Segment Start: MATERIALS PROVIDED

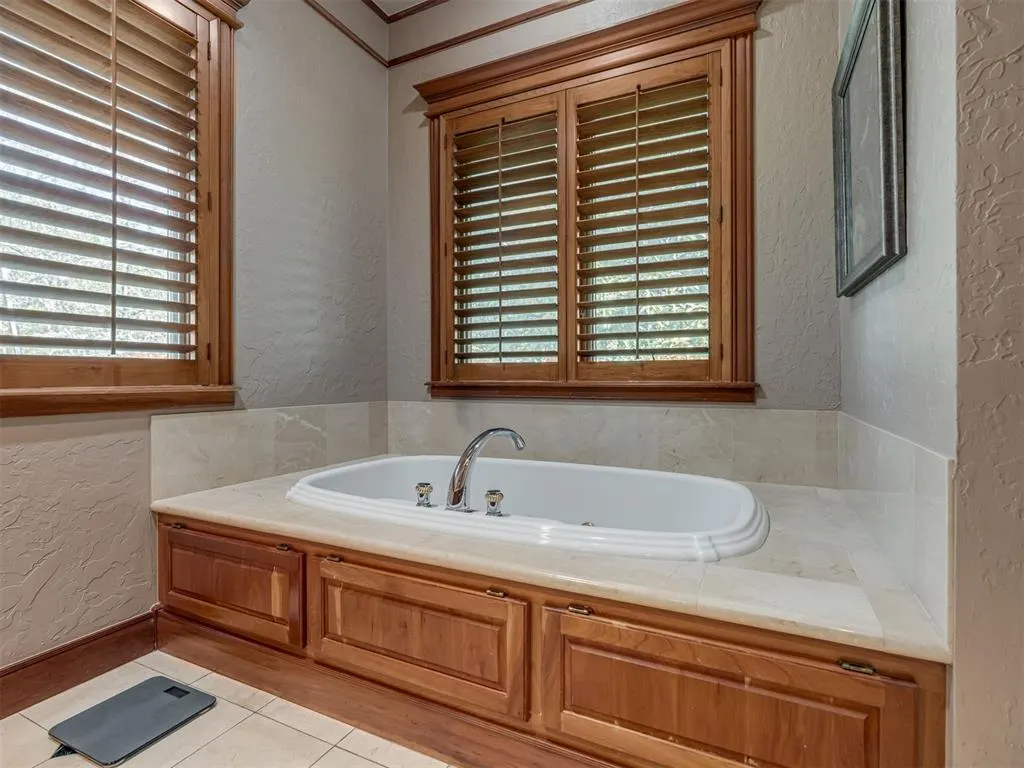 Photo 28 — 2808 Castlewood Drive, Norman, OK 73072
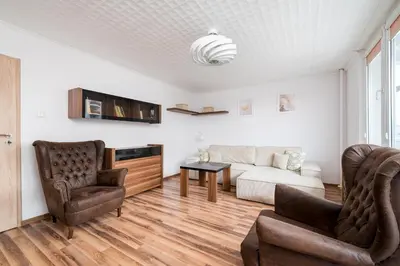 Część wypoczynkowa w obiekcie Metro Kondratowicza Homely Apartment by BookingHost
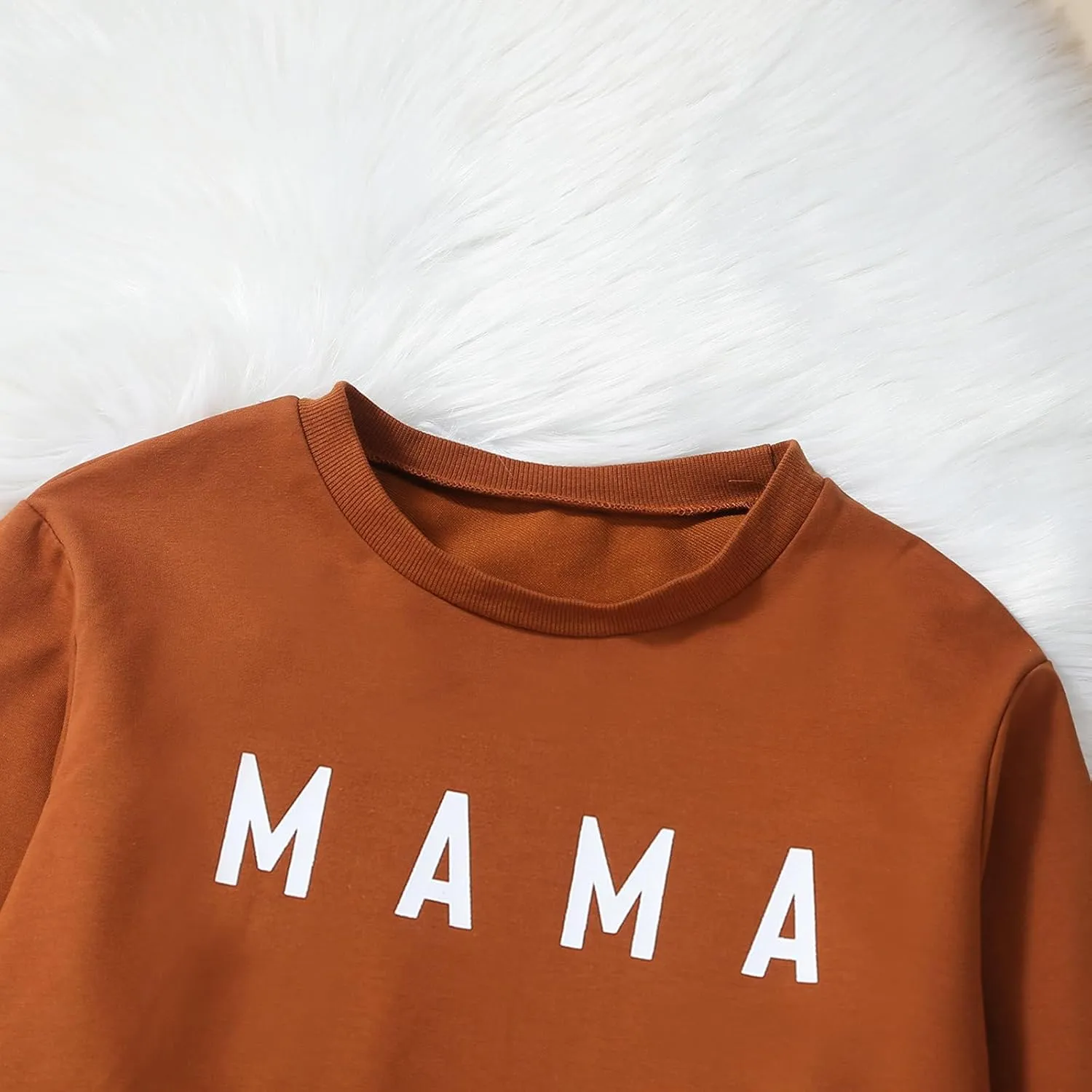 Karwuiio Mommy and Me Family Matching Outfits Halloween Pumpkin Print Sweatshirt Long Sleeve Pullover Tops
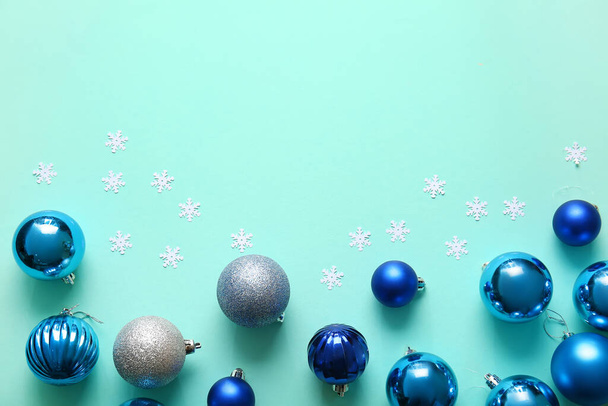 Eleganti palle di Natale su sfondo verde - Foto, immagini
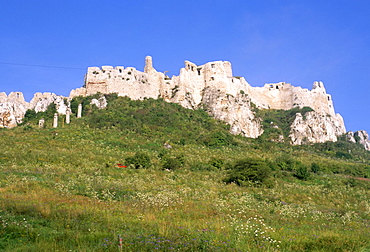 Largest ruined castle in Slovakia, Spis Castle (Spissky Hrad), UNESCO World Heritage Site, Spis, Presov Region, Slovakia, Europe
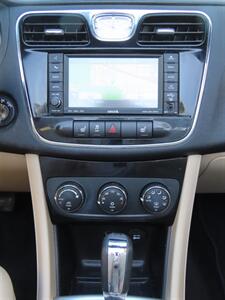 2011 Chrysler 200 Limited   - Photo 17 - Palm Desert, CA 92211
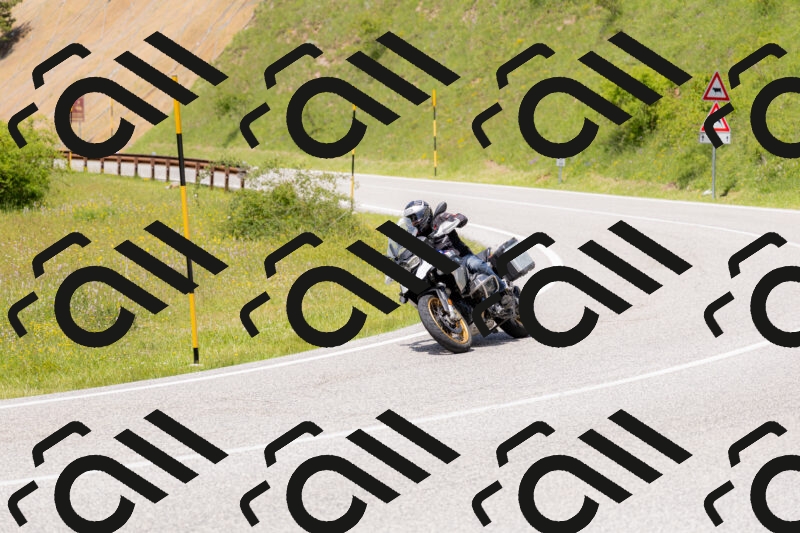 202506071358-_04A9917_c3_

Segment End: MATERIALS PROVIDED

→ EXERCISE REQUIREMENTS
Leave images out of the retyped records; keep all else exact.

→ THE COMPLETED TASK
 Photo 28 — 2808 Castlewood Drive, Norman, OK 73072
 Część wypoczynkowa w obiekcie Metro Kondratowicza Homely Apartment by BookingHost
 Karwuiio Mommy and Me Family Matching Outfits Halloween Pumpkin Print Sweatshirt Long Sleeve Pullover Tops
 Eleganti palle di Natale su sfondo verde - Foto, immagini
 Largest ruined castle in Slovakia, Spis Castle (Spissky Hrad), UNESCO World Heritage Site, Spis, Presov Region, Slovakia, Europe
 2011 Chrysler 200 Limited   - Photo 17 - Palm Desert, CA 92211
 202506071358-_04A9917_c3_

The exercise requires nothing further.